Some Twitter alternative could be settled upon (doesn't matter which; let me make up "BuzzBuzz") and a news blitz saying "BuzzBuzz: the Twitter alternative everyone who's not a racist is fleeing to" (It doesn't need to be "racist," but I think that would be the most effective option) can be conducted, full of interviews of concerned citizens and celebrities and experts whose tepid support can be put alongside those who have no professional need to stay restrained, all distressed about the "unmoderated racist content."

And all at once, the "tweet on Twitter" bluebirds at the bottoms of articles on other sites get replaced with "buzz on BuzzBuzz" bees; search engines change their algorithms to keep up-to-date with what content is good; all the respectable normal people who don't want to be considered racist will hop over to BuzzBuzz, and the whole incident will go down in history as proof of the persistent, insidious power of racists, for they took over and destroyed Twitter.

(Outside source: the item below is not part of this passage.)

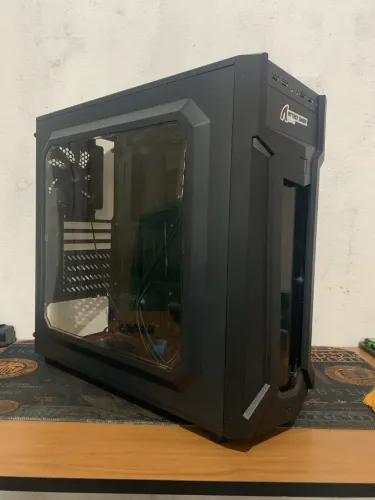 Gabinete Gamer Attack Shark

Now. Of course it's true that all of that is nothing but a lurid fable. I would be astonished if anything even suggesting an attempt at that happened, much less with the speed it would probably take to succeed. But the point does remain that "established network" effects aren't so insurmountable if there exists some common signal people can look to telling them where to regroup. NYT+CNN would be more than sufficient, I think, but I am not so conspiracy-minded as to think they would really make the attempt.

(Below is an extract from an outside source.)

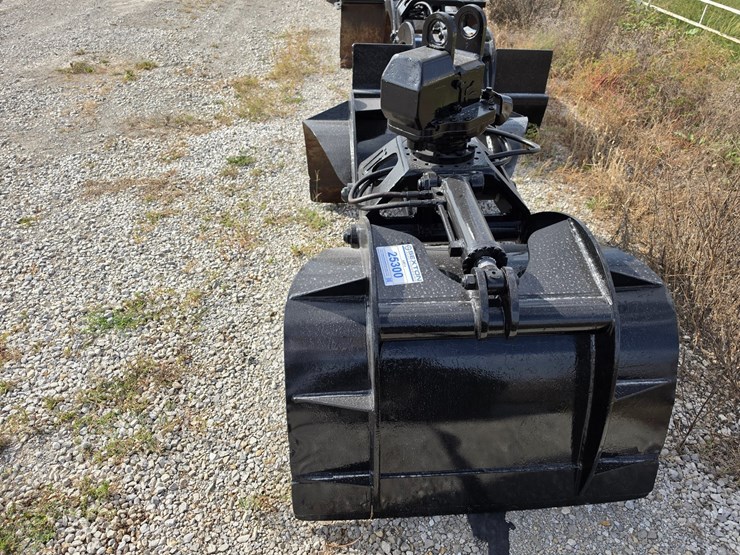 #25300-•-rotobec-045w-waste-grapple-image-3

It depends on if Twitter under Musk will really be that bad. History suggests you have to really piss off enough people so that all of a modal user's friends on a feed will see the complaints. See Digg and Tumblr for example.

digg and tumblr died because better stuff like Facebook, Reddit, and Instagram came along. I don't see the same happening with twitter.

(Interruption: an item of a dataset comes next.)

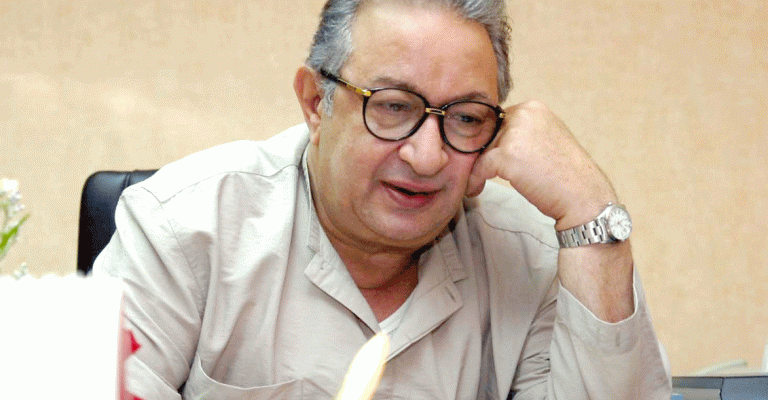 رحيل نور الشريف عن 74 عاماً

digg and tumblr died because, as in the meme, they shoved a stick in their own spokes. There needs to be alternative stuff available, but there is also often a sudden shock: with digg the atrocious frontpage redesign, with tumblr the porn ban. (With LessWrong the end of Eliezer's posts...)

The digg frontpage redesign was also at the same time as some pretty big revelations about how content made it to the front page. Back when large internet communities cared about that sort of thing on principle rather than whether it was useful.

There was the meme with the DeCSS AACS decryption key. A bunch of Digg users wanted it posted, Digg did not want it posted. I kind of get why Digg did not want to become a home to a bunch of piracy stuff, and I did not realize or had forgotten they had DMCA letter demanding its removal (https://en.wikipedia.org/wiki/AACS_encryption_key_controversy#DMCA_notices_and_Digg) but going to war with their own users at the same time of these other controversies killed the camel.

What does it mean for them to succeed? People say that a lot of the draw of twitter is that it lets the common person talk with celebrities. If enough of a coordinated media effort happened like, the kayfabe will definitely look as if Buzz Buzz won, and there will be a bunch of the usual suspects declaring victory over racism.

Even if Buzzbuzz amassed only one-tenth the users of twitter (in real people, not bots), who's won? Keep in mind that knowing the true statistics and trying to publish them would probably be hatefacts. How would normies learn the user statistics? There are a lot of people who think /r/The_Donald's subscriber and active user counts were throttled and generally subreddit population numbers were astroturfed back then. These people also anticipate that Buzzbuzz's user counts would be inflated.

In short, wouldn't a world where barely anyone migrated to BuzzBuzz look very similar to a world where most people did?

Maybe I'm just a cynical biased culture warrior, but Elon's acquisition doesn't seem like it changes any culture- or Truth- producing institutions, so does it really matter which social media sites have more active users?

Would people actually jump ship?

For those who are already on Twitter, their retweets and followers and twitlords aren't going to go away. Activists will still feel like they're rallying the proles. Journalists get to participate in the Dialogue. Those are the "network effects" which keep people on board.

When BuzzBuzz^TM launches, it might be marginally more effective than Voat or Mastodon. That's a pretty low bar.